Requirement - Pictures aside, copy exactly the lines running from the one with "When you come" to the end of the records.

[Saved entries]
Segment Open
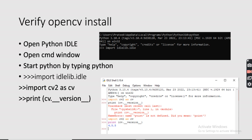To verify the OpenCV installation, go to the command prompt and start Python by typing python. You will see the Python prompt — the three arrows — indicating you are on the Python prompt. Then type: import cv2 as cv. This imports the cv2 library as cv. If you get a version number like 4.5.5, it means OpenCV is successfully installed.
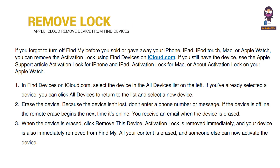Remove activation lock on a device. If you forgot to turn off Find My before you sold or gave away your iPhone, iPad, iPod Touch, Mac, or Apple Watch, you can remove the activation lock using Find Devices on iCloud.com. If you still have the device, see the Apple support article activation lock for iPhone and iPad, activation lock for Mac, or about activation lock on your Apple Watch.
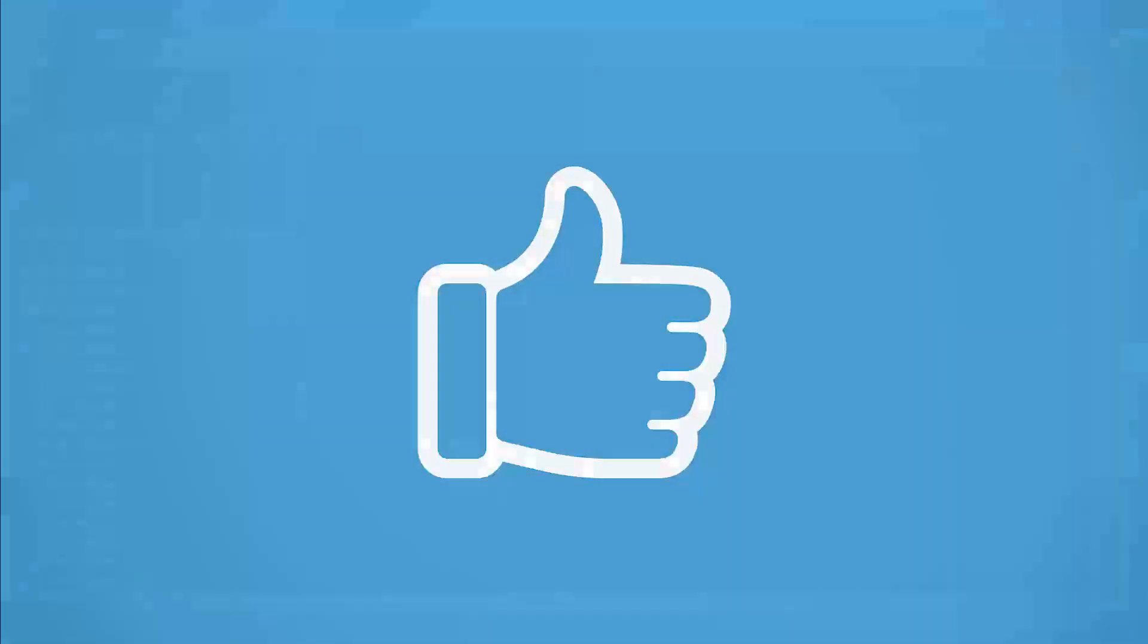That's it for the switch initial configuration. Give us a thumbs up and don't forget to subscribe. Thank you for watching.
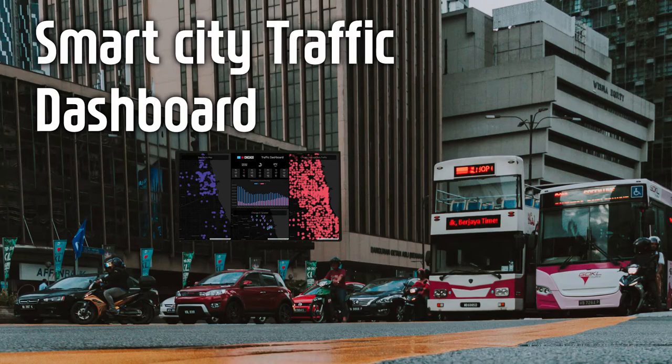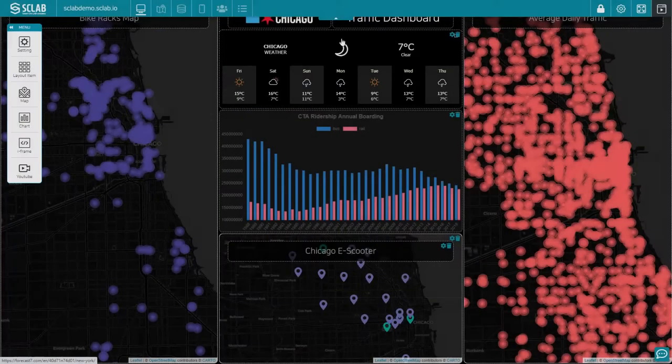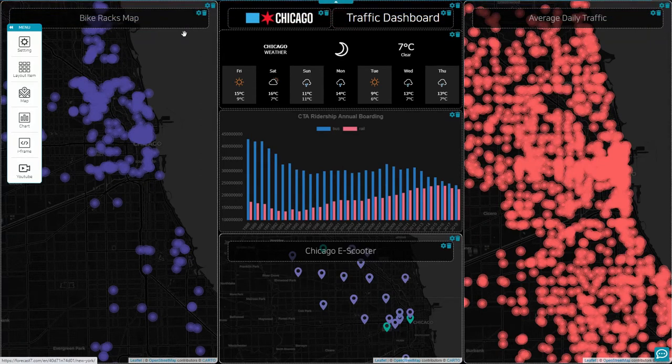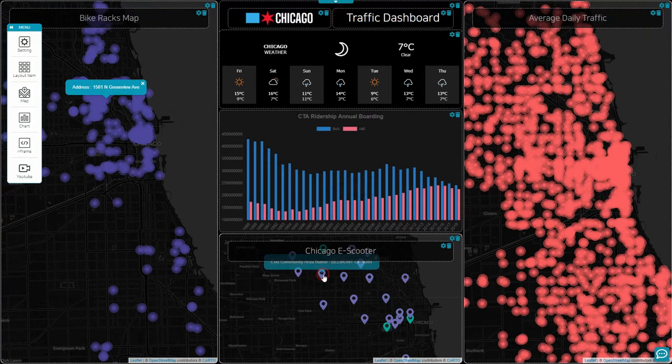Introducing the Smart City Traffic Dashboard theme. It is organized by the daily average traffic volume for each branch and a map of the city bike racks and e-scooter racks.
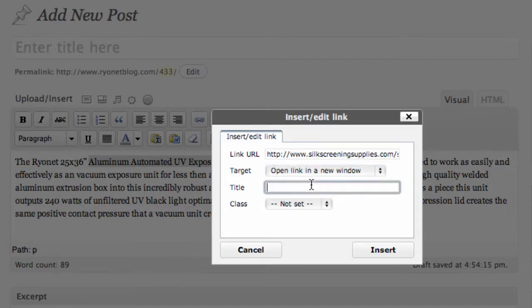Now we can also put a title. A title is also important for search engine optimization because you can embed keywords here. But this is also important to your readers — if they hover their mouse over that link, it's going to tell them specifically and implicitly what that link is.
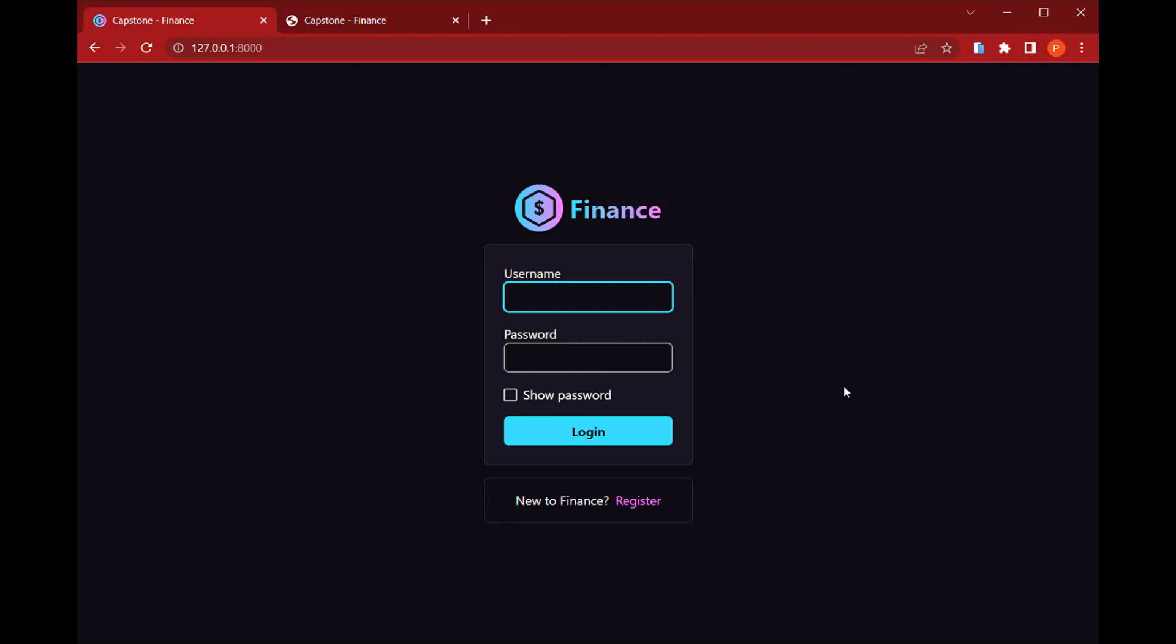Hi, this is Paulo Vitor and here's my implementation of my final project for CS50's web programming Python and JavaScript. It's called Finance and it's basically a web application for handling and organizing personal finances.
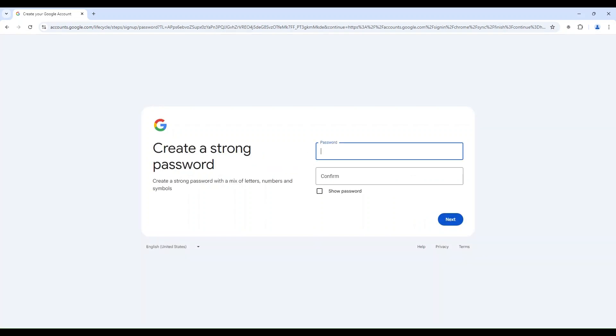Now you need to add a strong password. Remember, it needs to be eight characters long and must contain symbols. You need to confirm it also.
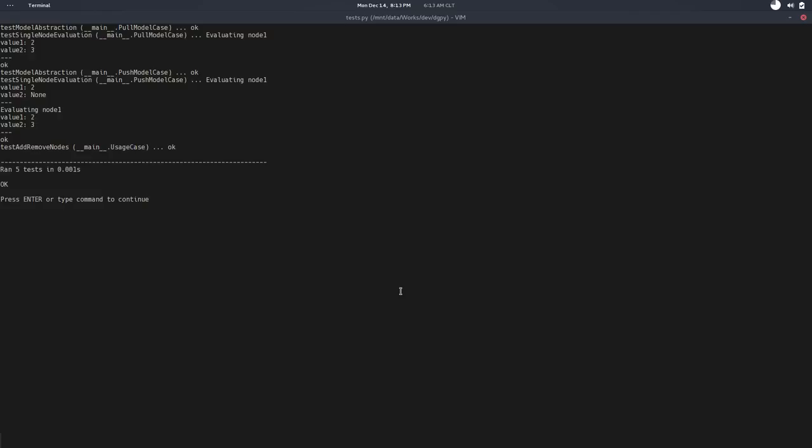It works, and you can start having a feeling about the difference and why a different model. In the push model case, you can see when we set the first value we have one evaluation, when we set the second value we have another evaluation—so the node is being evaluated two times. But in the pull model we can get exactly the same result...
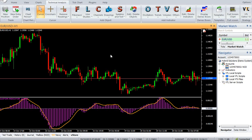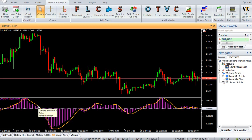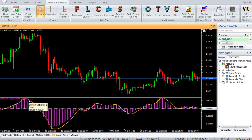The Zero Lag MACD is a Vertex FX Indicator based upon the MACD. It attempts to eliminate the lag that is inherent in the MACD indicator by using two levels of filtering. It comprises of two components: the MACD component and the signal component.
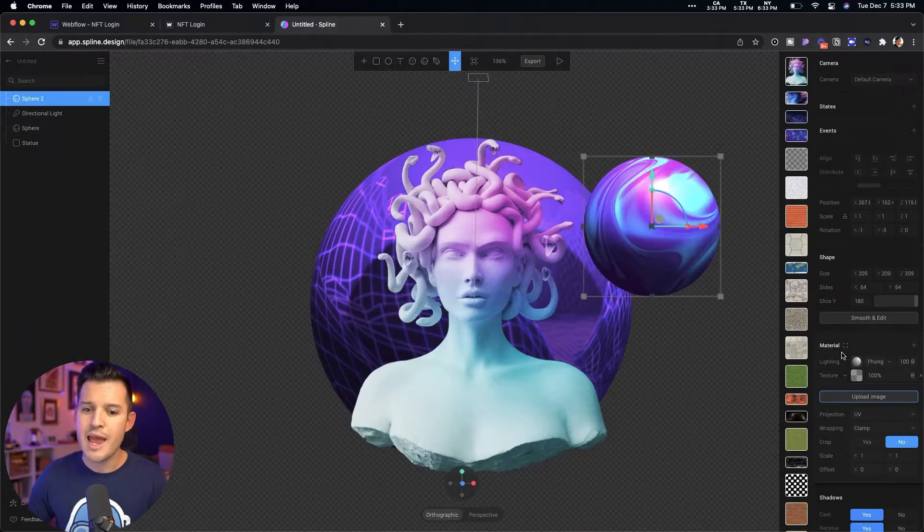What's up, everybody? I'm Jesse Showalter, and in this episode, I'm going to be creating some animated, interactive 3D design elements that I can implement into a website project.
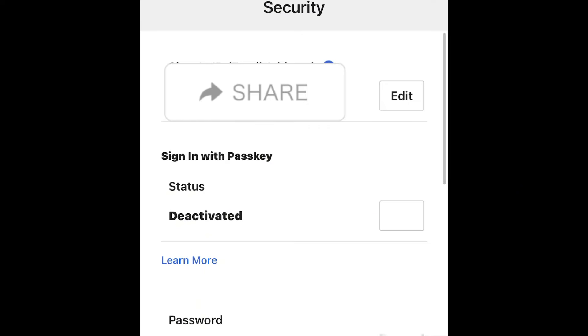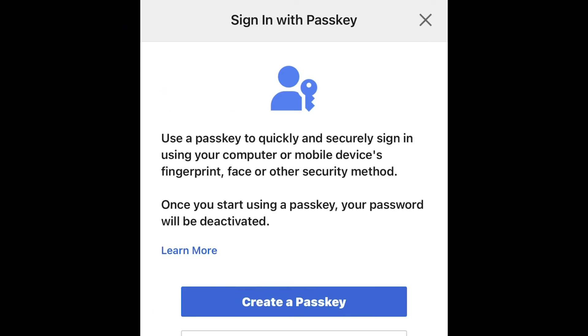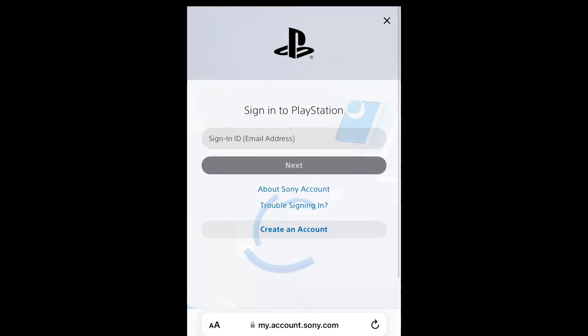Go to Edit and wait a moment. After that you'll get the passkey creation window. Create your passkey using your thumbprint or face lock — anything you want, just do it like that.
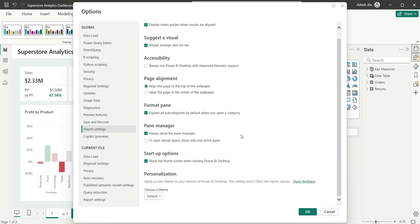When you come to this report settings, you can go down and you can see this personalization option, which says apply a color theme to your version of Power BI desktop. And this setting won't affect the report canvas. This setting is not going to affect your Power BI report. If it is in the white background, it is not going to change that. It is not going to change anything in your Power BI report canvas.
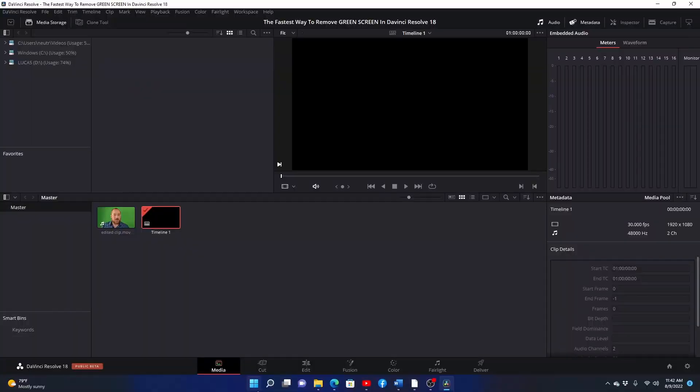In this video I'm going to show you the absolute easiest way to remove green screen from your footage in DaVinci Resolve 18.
Segment Closed
Your response -
When you come to this report settings, you can go down and you can see this personalization option, which says apply a color theme to your version of Power BI desktop. And this setting won't affect the report canvas. This setting is not going to affect your Power BI report. If it is in the white background, it is not going to change that. It is not going to change anything in your Power BI report canvas.
In this video I'm going to show you the absolute easiest way to remove green screen from your footage in DaVinci Resolve 18.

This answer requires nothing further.